体力的にはきつかったものの、ロケ自体は楽しく、初めて訪れる下町の景色や風情を堪能することができた。
なかでも矢切は土曜日の大風が吹いた日に渡し船に乗った。風速10メートルを超える突風が吹き荒れていたので、安全管理上、出演者、スタッフといっしょに船に乗った。川幅は30メートルはあるだろうか、千葉県側から都内に向かって船を出した。白波がたっていたが、船は思ったほど揺れなかった。船上、番組キャスターの押切もえさんが、船の舳先に座ってリポートを敢行。カメラマンは体を船底にしっかり据えながら、美しいもえさんの姿を切り取る。彼女の背中にくっきりとスカイツリーが浮かび上がって居た。見かけの細い体に似合わず、もえさんは豪胆でおきゃん。春の大風で揺れる渡し船を楽しみ、舎人の神社の境内では小学生男子を相手にサッカーボールを蹴飛ばしていた。
心に残ったのが向島百花園。園内はちょうど春到来したところで、かたくりの可憐な花を見ることが出来た。日曜日とあって、朝早くから年配の観客が押し寄せていた。幾組か、句会の集まりを見かけ、久しぶりに句心を刺激された。今、撮影しているのはスカイツリーオープンに合わせての特番だが、テキストは40年前に書かれた石田波郷の「江東歳時記」。いきおい、俳句の生まれたえにしをたどることになる。願ってもない「旅」であった。

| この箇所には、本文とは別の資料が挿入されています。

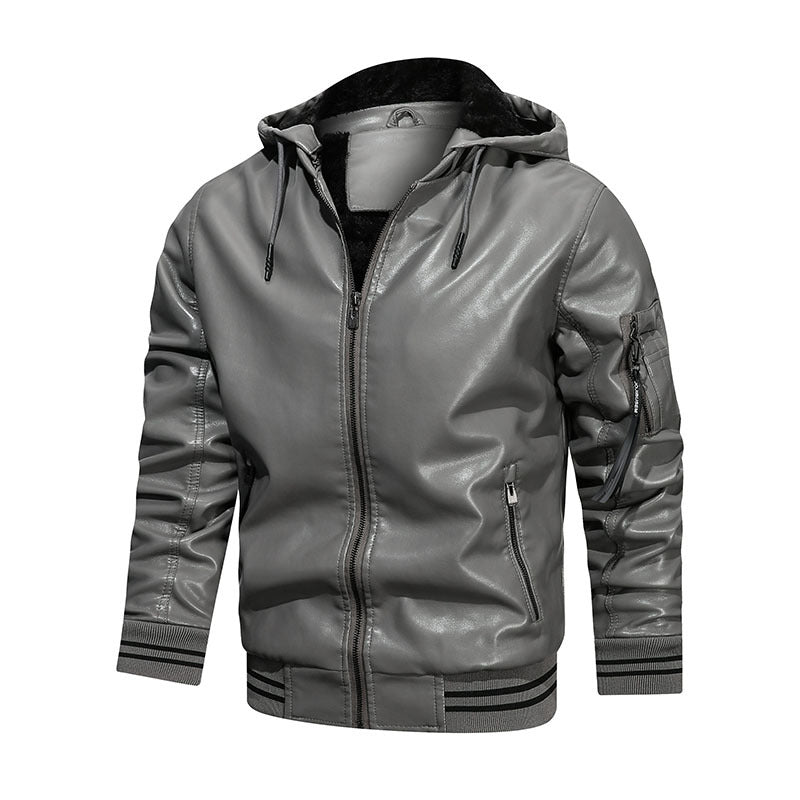 Men's Jacket Spot Hooded Multi-pocket Leather Jacket Men - Product upscale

この多忙を縫うように、日曜の夜には銀座で高名な評論家ご一行と会って新しい企画の相談もした。銀座みゆき通りのオープンカフェで待ち合わせをしたのだが、時間を間違えた。4時間空いたので、有楽町の映画館で話題のサッチャー伝を見る。メリル・ストリープの演技が話題になっているせいか、館内は満員。期待したが、おおいに外れた。
昨夜は赤坂で試写。仕上げまであと4日と迫り、チェックも厳しくなる。議論が3時間以上続いた。終わって、局プロデューサーのKさんと居酒屋で楽しく飲んだ。番組作りが好きなKさんとは気があう。とにかく一生懸命番組本位で考える人は気持ちがいい。50代に入ったばかりのKさんは今脂がのっている。番組イメージがふつふつと湧いているのが傍からもよく見える。10年前は、オレもそうだったなあと半分うらやましい。残り半分は、あんな「激務」を続けていたから倒れることになったから、もういちどくりかえしたいとは思わないというツラミ。ふたつ好いことはないもの、と河合隼雄さんに教えていただいた言葉を思い出す。
かくして多忙の日々を過ごして、今朝起きると、目やにがいっぱいたまっていた。気は張っているが、体は相当疲れていると自覚する。でも仕事が出来ることは有り難い。